> Dataset extract
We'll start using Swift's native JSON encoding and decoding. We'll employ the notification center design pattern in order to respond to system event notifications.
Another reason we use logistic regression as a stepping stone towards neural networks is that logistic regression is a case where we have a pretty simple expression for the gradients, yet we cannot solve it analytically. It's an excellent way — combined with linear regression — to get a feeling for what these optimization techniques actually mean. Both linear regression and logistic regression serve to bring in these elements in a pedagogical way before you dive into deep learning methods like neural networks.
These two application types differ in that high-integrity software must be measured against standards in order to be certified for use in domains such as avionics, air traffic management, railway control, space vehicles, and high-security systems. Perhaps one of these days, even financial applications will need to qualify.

* * *

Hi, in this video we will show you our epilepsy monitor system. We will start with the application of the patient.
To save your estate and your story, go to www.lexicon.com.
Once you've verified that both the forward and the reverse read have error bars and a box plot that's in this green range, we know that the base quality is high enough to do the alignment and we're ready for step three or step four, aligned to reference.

> Exercise aim
If a line of the data holds the string "this", list it.

> Task answer
Hi, in this video we will show you our epilepsy monitor system. We will start with the application of the patient.
Once you've verified that both the forward and the reverse read have error bars and a box plot that's in this green range, we know that the base quality is high enough to do the alignment and we're ready for step three or step four, aligned to reference.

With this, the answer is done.